• _REQUIREMENT_
Write out exactly the lines running from the one with "Sorgte mit seinem" to the end of the data, including both of those lines and excluding pictures.
INFORMATION GIVEN START
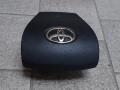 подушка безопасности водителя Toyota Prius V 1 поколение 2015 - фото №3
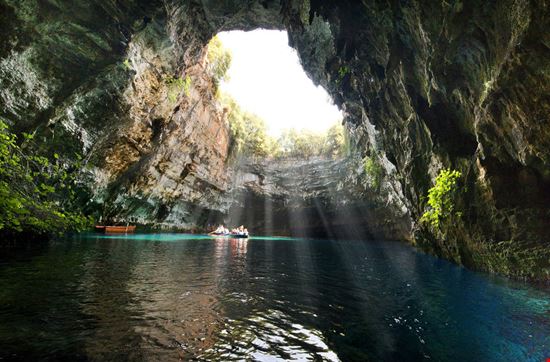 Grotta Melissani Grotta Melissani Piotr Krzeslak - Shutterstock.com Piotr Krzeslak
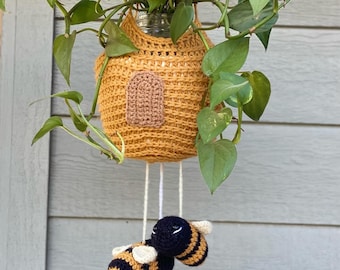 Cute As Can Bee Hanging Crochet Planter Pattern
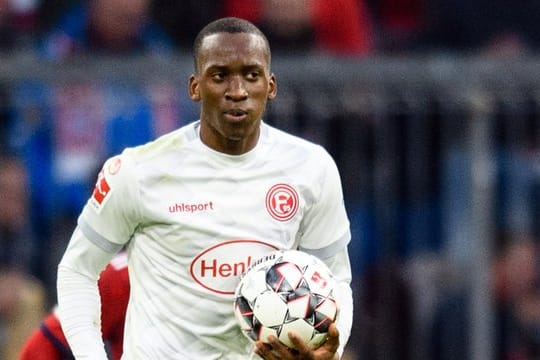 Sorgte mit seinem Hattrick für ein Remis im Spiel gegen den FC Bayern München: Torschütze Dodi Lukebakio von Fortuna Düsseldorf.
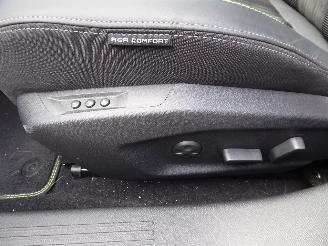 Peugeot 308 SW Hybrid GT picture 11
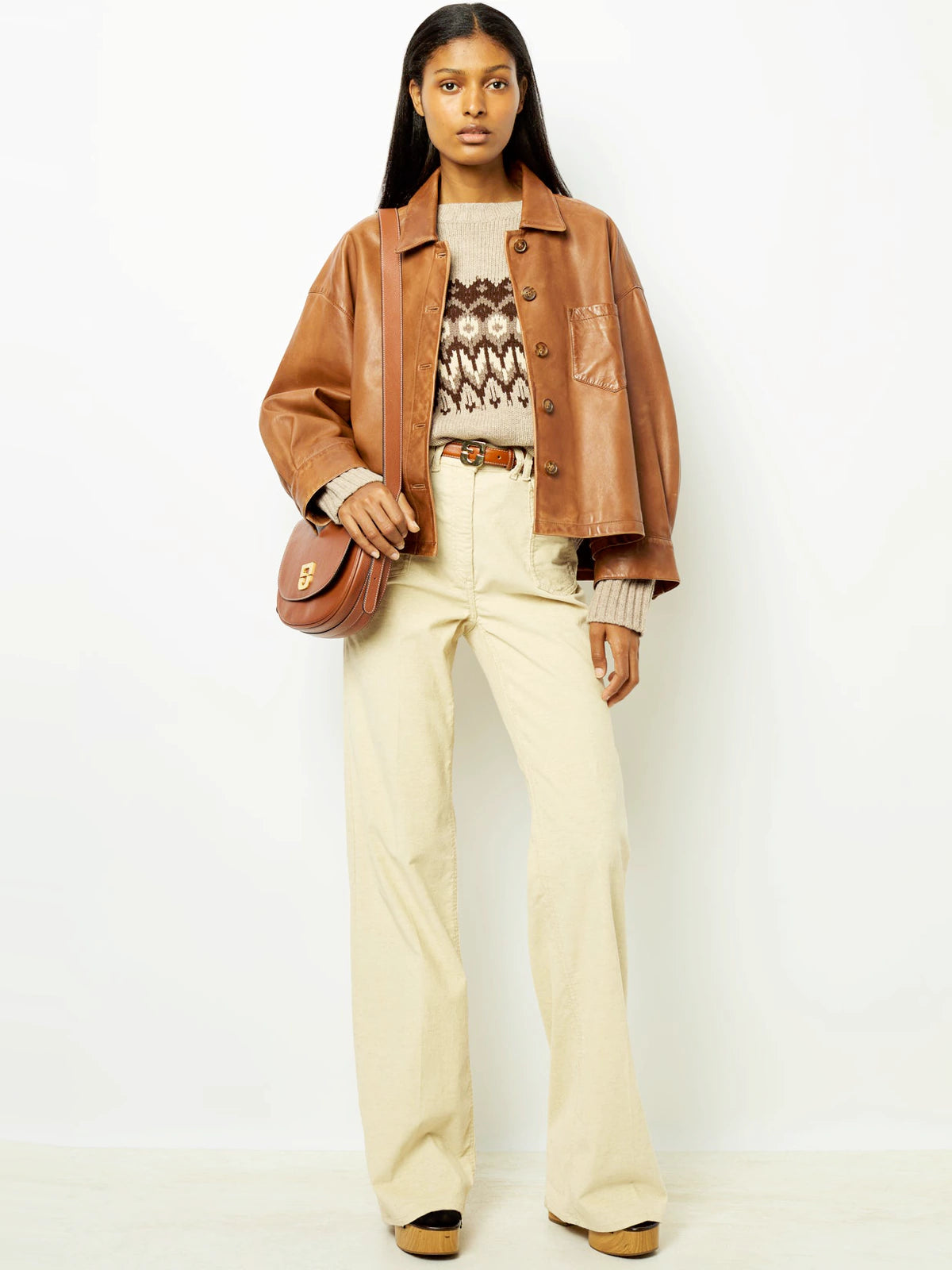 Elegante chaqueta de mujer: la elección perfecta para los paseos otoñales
INFORMATION GIVEN END
• _SOLUTION TO THIS PROBLEM_
 Sorgte mit seinem Hattrick für ein Remis im Spiel gegen den FC Bayern München: Torschütze Dodi Lukebakio von Fortuna Düsseldorf.
 Peugeot 308 SW Hybrid GT picture 11
 Elegante chaqueta de mujer: la elección perfecta para los paseos otoñales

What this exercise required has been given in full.